Juan Carlos Cremata (born 1961) is the least likely hero of Real Socialism. He is an artist from head to foot, irreverent and lucid, who has left his mark both in the theater and the cinema. He has received numerous national and foreign prizes and a great part of his oeuvre has been dedicated to works for children and teens. Among his most well-known films are Nada (Nothing) and Chamaco (The Kid: Chamaco) as well as works that have circulated via alternative means, as is the case with Crematorio (Crematorium).
However, now Juan Carlos has gotten into serious trouble. Saturday the 3rd and Sunday the 4th of July a work directed by him was staged by the group El Ingenio in the Tito Junco hall of the Bertolt Brecht Theater in Havana. The play was The King is Dying*, by the French-Romanian playwright Eugene Ionesco, the story of a king who resists the idea that death can touch him any day.

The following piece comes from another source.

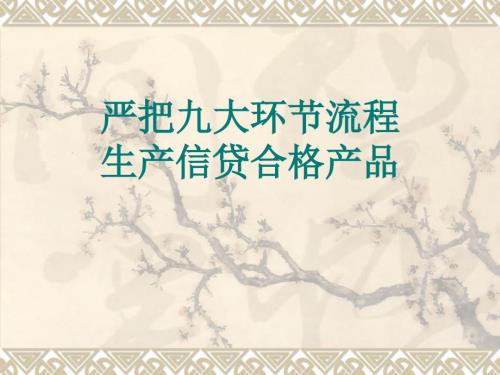信贷合规严把九大环节流程.ppt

The leadership of National Performing Arts decided to suspend the play and accused the prize-winning artist of the worst insults. But, unlike others, Cremata did not choose to remain silent and responded, leaving nothing out.
Defending the censored artist could be dangerous in the short term, but silence, or even worse, complicit approval, would be disastrous.
Now it only remains to see the reaction of the Cuban intellectuals in the face of this despotic display of censorship. Defending the censored artist could be dangerous in the short term, but silence, or even worse, complicit approval, would be disastrous.
The youngest among us, those who do not know the work of the Soviet journalist and narrator Boris Polevoy, will be tempted to search for “A Real Man” in the digital dictionary Wikipedia, but will be surprised to find there that is a CD by the group Alaska y Dinarama. Some relationship will be found with the polysemic playwright, but those who read the odyssey of the mistreated pilot and who read the arguments of this courageous artist might conclude that, like Alexey Petrovich Maresyev, Cremato will once again fly and fight.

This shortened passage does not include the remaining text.